- [EXERCISE PROMPT] Of the lines listed below, return exactly those that run from the line containing "Ritz-Carlton Residences by Legendary Lodging" through the line containing "Menteri Koordinator Bidang", both included.

=== INPUT RECORDS ===

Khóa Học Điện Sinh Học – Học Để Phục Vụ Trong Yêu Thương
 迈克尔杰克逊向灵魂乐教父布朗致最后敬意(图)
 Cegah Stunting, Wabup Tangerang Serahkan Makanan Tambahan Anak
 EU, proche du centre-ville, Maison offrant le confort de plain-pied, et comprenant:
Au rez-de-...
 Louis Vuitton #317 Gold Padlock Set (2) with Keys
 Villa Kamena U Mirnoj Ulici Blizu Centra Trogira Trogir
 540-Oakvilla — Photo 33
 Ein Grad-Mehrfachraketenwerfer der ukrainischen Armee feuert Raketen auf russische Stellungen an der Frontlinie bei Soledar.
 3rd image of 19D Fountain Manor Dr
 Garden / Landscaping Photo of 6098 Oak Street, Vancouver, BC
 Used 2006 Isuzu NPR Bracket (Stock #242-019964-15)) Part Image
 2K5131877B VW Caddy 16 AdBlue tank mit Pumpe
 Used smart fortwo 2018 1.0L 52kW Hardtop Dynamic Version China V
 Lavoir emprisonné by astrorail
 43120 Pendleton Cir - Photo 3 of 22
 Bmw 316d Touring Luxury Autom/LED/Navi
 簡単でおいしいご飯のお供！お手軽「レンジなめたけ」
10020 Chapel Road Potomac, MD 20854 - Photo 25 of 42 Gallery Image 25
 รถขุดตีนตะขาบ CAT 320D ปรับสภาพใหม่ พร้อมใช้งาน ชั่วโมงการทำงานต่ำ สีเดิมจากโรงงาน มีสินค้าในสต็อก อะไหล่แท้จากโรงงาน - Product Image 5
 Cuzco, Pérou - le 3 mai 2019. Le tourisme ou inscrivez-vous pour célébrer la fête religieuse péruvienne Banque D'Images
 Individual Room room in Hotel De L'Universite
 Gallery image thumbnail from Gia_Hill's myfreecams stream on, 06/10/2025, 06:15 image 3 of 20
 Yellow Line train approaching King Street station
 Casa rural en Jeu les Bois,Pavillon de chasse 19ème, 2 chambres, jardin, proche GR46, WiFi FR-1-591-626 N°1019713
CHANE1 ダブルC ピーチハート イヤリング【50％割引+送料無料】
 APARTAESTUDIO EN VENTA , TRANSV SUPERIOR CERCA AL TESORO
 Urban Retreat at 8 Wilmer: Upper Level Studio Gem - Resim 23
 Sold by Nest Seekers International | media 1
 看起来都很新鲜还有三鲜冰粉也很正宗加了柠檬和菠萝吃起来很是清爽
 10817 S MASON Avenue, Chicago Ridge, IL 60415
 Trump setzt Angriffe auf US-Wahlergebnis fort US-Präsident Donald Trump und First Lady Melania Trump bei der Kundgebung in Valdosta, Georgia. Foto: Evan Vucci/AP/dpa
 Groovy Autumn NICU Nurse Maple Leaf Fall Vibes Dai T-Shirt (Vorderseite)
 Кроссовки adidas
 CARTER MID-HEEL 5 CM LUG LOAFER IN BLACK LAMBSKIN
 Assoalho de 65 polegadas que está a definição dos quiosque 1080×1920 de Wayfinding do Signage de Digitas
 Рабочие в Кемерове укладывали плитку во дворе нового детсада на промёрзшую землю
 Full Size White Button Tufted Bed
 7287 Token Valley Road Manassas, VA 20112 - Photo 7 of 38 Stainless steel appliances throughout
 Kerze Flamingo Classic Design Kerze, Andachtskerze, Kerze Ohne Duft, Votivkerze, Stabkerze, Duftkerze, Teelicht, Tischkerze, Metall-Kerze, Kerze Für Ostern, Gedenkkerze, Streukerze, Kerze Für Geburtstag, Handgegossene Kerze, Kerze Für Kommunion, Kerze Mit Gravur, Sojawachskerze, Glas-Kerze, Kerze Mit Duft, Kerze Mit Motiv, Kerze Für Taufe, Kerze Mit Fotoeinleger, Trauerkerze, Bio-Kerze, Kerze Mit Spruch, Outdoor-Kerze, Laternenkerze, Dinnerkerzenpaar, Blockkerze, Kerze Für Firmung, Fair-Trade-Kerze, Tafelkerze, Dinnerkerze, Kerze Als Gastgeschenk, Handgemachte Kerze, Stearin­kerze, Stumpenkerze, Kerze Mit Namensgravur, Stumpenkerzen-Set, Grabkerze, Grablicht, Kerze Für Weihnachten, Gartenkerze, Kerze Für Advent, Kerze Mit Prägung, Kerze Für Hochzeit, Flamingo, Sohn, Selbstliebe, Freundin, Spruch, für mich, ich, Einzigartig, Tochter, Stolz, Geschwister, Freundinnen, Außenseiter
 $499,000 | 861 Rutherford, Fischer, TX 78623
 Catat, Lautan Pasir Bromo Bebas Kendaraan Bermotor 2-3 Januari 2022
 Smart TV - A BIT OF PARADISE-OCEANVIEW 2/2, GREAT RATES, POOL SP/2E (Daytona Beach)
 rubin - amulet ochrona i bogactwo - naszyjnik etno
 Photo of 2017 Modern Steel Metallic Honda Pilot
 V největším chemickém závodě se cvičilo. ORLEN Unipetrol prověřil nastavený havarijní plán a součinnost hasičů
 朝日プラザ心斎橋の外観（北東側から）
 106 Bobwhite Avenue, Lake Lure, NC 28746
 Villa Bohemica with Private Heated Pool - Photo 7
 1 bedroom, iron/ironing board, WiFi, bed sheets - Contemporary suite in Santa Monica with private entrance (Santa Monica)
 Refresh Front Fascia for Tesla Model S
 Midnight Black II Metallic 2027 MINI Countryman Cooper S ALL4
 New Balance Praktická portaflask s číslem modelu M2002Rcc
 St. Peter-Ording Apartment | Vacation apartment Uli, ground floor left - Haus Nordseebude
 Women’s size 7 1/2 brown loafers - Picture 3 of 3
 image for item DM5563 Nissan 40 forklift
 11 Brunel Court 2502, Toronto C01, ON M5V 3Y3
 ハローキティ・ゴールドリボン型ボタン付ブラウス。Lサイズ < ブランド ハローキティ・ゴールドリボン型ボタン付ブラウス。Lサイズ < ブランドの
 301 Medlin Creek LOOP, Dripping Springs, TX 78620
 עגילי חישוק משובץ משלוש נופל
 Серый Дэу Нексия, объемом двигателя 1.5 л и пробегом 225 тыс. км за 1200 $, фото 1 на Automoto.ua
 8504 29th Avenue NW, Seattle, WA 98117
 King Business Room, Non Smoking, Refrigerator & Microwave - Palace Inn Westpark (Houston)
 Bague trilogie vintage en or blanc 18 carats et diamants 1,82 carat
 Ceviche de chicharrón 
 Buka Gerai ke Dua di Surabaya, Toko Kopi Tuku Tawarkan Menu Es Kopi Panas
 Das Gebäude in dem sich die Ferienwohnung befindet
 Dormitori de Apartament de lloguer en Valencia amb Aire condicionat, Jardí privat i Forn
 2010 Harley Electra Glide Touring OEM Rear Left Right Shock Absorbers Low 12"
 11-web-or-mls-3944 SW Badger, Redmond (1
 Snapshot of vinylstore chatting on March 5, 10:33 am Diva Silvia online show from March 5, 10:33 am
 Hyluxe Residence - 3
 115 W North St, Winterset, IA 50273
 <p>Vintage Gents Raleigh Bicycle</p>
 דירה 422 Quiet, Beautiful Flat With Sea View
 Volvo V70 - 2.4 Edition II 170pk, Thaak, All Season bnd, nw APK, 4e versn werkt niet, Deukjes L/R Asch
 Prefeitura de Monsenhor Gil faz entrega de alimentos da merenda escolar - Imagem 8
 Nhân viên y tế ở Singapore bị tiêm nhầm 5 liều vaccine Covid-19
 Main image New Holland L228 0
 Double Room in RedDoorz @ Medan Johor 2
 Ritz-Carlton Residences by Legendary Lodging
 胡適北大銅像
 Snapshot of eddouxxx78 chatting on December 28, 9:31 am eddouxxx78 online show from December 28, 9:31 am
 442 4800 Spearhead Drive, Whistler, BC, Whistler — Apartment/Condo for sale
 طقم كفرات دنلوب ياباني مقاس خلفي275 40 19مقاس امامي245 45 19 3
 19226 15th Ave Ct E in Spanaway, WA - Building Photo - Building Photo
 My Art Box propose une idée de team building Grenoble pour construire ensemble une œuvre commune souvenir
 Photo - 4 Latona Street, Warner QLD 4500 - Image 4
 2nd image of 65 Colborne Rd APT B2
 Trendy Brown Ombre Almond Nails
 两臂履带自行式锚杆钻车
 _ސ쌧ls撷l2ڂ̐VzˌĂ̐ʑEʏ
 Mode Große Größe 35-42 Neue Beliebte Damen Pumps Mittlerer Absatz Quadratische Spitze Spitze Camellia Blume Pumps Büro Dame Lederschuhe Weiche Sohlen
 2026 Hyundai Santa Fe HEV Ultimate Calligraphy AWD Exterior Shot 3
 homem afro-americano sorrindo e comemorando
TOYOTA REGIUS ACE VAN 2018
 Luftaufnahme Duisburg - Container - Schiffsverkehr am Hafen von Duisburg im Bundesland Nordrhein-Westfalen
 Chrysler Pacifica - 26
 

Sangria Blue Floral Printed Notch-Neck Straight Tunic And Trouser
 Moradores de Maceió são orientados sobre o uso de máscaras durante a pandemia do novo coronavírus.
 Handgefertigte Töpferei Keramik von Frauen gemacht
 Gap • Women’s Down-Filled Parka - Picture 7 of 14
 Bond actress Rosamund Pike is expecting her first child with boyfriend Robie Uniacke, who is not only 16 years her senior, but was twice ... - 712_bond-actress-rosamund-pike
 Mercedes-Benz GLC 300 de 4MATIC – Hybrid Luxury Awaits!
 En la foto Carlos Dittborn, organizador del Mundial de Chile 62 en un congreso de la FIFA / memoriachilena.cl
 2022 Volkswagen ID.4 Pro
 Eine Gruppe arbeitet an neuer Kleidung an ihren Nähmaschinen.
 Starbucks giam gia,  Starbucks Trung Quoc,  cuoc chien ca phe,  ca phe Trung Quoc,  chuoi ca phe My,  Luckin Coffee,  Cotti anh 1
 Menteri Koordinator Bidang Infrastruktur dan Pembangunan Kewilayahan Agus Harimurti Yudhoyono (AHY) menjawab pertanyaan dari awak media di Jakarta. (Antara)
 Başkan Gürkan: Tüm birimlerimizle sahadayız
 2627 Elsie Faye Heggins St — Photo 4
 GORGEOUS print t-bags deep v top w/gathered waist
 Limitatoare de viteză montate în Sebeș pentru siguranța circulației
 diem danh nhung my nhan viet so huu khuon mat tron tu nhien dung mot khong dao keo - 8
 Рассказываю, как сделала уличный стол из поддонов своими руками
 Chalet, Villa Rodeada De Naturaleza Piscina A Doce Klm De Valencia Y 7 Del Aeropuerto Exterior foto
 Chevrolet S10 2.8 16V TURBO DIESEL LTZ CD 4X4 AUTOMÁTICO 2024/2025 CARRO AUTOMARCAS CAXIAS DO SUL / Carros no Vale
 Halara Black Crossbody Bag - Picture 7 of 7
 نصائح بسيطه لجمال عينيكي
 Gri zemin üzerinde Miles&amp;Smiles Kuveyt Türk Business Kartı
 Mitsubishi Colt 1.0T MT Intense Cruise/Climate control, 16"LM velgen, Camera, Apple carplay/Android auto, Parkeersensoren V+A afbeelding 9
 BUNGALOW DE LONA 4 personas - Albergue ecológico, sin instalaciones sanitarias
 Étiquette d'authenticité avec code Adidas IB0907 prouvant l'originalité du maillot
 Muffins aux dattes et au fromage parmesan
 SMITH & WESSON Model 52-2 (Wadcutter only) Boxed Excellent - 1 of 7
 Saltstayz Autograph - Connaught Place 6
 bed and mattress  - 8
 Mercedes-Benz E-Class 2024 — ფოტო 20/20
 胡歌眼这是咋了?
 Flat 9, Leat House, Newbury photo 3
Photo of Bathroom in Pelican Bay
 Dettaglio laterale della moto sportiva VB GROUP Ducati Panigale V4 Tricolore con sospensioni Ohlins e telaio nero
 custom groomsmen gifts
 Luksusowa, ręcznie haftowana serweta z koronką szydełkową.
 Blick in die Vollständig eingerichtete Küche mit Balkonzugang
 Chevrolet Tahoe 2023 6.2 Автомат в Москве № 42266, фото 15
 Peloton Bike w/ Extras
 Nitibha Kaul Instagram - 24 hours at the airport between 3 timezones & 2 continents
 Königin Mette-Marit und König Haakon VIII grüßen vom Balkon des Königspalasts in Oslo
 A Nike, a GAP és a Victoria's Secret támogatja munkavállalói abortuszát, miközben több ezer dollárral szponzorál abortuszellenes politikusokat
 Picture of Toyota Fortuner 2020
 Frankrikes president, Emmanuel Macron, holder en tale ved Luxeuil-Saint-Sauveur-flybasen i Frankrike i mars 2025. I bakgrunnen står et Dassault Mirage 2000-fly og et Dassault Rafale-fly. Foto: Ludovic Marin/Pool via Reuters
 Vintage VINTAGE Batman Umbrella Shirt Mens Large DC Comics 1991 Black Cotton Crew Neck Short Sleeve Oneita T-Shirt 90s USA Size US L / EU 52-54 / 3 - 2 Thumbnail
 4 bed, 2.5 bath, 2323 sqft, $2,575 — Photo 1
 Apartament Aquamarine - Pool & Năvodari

===

- [RESULT]
 Ritz-Carlton Residences by Legendary Lodging
 胡適北大銅像
 Snapshot of eddouxxx78 chatting on December 28, 9:31 am eddouxxx78 online show from December 28, 9:31 am
 442 4800 Spearhead Drive, Whistler, BC, Whistler — Apartment/Condo for sale
 طقم كفرات دنلوب ياباني مقاس خلفي275 40 19مقاس امامي245 45 19 3
 19226 15th Ave Ct E in Spanaway, WA - Building Photo - Building Photo
 My Art Box propose une idée de team building Grenoble pour construire ensemble une œuvre commune souvenir
 Photo - 4 Latona Street, Warner QLD 4500 - Image 4
 2nd image of 65 Colborne Rd APT B2
 Trendy Brown Ombre Almond Nails
 两臂履带自行式锚杆钻车
 _ސ쌧ls撷l2ڂ̐VzˌĂ̐ʑEʏ
 Mode Große Größe 35-42 Neue Beliebte Damen Pumps Mittlerer Absatz Quadratische Spitze Spitze Camellia Blume Pumps Büro Dame Lederschuhe Weiche Sohlen
 2026 Hyundai Santa Fe HEV Ultimate Calligraphy AWD Exterior Shot 3
 homem afro-americano sorrindo e comemorando
TOYOTA REGIUS ACE VAN 2018
 Luftaufnahme Duisburg - Container - Schiffsverkehr am Hafen von Duisburg im Bundesland Nordrhein-Westfalen
 Chrysler Pacifica - 26
 

Sangria Blue Floral Printed Notch-Neck Straight Tunic And Trouser
 Moradores de Maceió são orientados sobre o uso de máscaras durante a pandemia do novo coronavírus.
 Handgefertigte Töpferei Keramik von Frauen gemacht
 Gap • Women’s Down-Filled Parka - Picture 7 of 14
 Bond actress Rosamund Pike is expecting her first child with boyfriend Robie Uniacke, who is not only 16 years her senior, but was twice ... - 712_bond-actress-rosamund-pike
 Mercedes-Benz GLC 300 de 4MATIC – Hybrid Luxury Awaits!
 En la foto Carlos Dittborn, organizador del Mundial de Chile 62 en un congreso de la FIFA / memoriachilena.cl
 2022 Volkswagen ID.4 Pro
 Eine Gruppe arbeitet an neuer Kleidung an ihren Nähmaschinen.
 Starbucks giam gia,  Starbucks Trung Quoc,  cuoc chien ca phe,  ca phe Trung Quoc,  chuoi ca phe My,  Luckin Coffee,  Cotti anh 1
 Menteri Koordinator Bidang Infrastruktur dan Pembangunan Kewilayahan Agus Harimurti Yudhoyono (AHY) menjawab pertanyaan dari awak media di Jakarta. (Antara)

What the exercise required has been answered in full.